The Rev. Canon Frank Logue gave this sermon at Saint Paul’s Episcopal Church in Augusta, Georgia on May 13, 2017

Send Me
An Ordination Sermon for Terri Degenhardt and Larry Jesion
Isaiah 6:1-8

“In the year that King Uzziah died, I saw the Lord sitting on a throne, high and lofty; and the hem of his robe filled the Temple,” the Prophet Isaiah describes his call to serve as a prophet. Six winged angels, called Seraphs sing “Holy, holy, holy, is the Lord of hosts; the whole earth is filled with his glory.”

Smoke fills the Temple, which shakes to its foundation. Isaiah too is shaken to find himself in the very presence of God and he knows he is not worthy. The prophet cries out, “Woe is me! I am lost, for I am a man of unclean lips, and I live among a people of unclean lips; yet my eyes have seen the King, the Lord of hosts!”

This dramatic recounting of Isaiah’s call comes not at the beginning of the Book of Isaiah, but at the start of the sixth chapter. Isaiah has for five chapters pronounced the Word of the Lord to the people of Jerusalem and all Judea during the reign of King Uzziah. Now the king is dead. Our Old Testament reading then describes a second call coming to Isaiah. The prophet was already serving God and then God says, “But wait, there’s more.”

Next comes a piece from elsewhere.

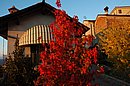 DSC_3230.JPG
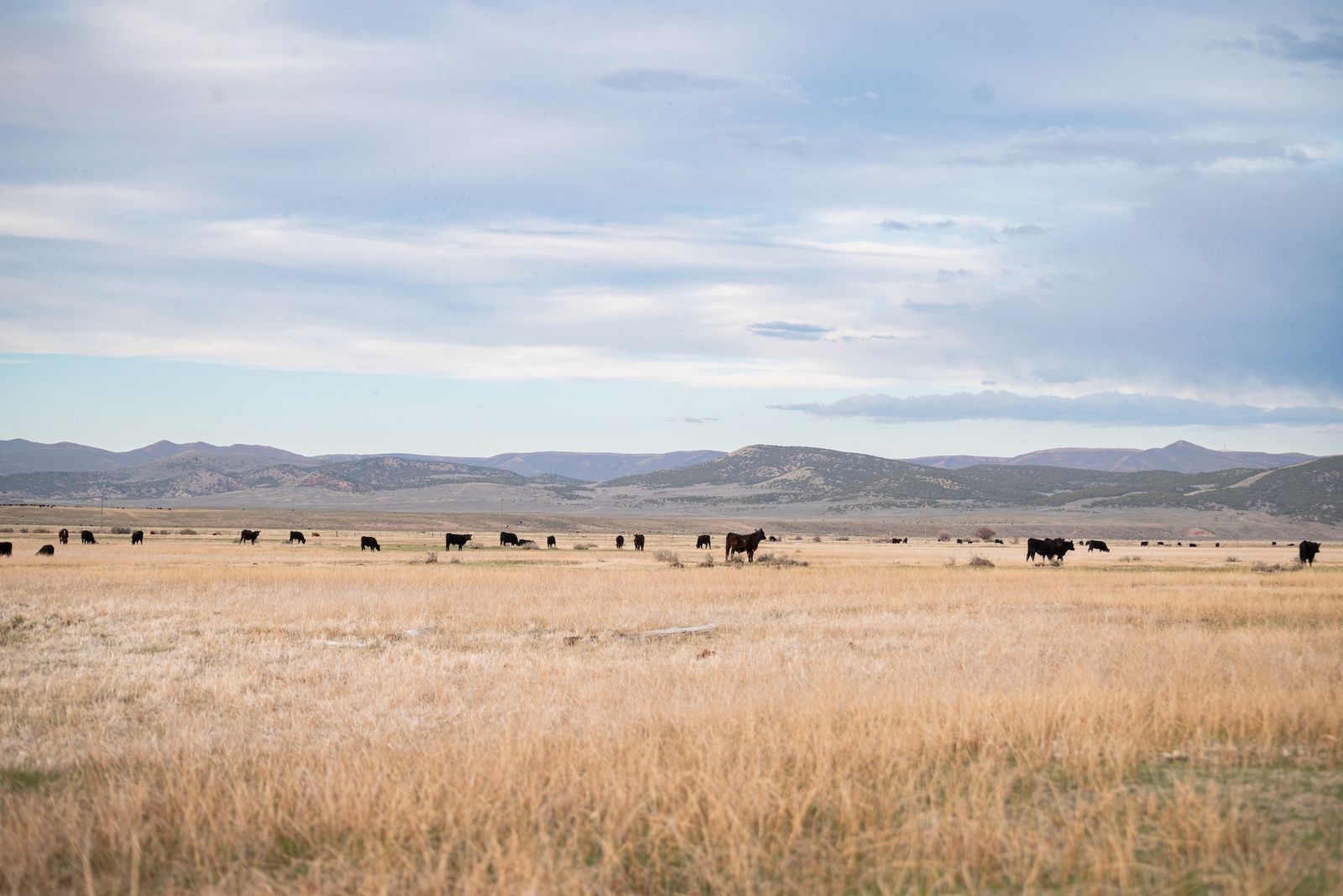 Freezer Beef — Quarter, Half, and Whole Beef Available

How appropriate to encounter this passage of a second call as we gather to ordain Deacons Terri Degenhardt and Larry Jesion to the Sacred Order of Priests. Each of them experienced a renewed call. While not so dramatic as Isaiah in the Temple that year that King Uzziah died, they still experienced a powerful call to serve God as a priest.

Years ago, each of our ordinands experienced that typical call of a deacon in being tapped on the shoulder by a priest who asked them to consider serving as a deacon. I say this is typical, as deacons are servant ministers. The work of a deacon is to take the church out to the people and to bring the needs of the people in to the church. What we the church seek are people who are already doing that work. Often the person is already being a deacon and others recognize this before they do.

Terri was already taking the love of Christ into the classroom at Augusta Technical College. Even if she didn’t see it yet, Terri had been ministering for years as she taught students, especially women, who lacked confidence and self esteem to see the potential within themselves. She saw her students as God sees them and reflected back that grace and love. This is good, holy work she was immersed in long before her Rector, Steve Rice, spoke to her about a possible call to serve as a deacon.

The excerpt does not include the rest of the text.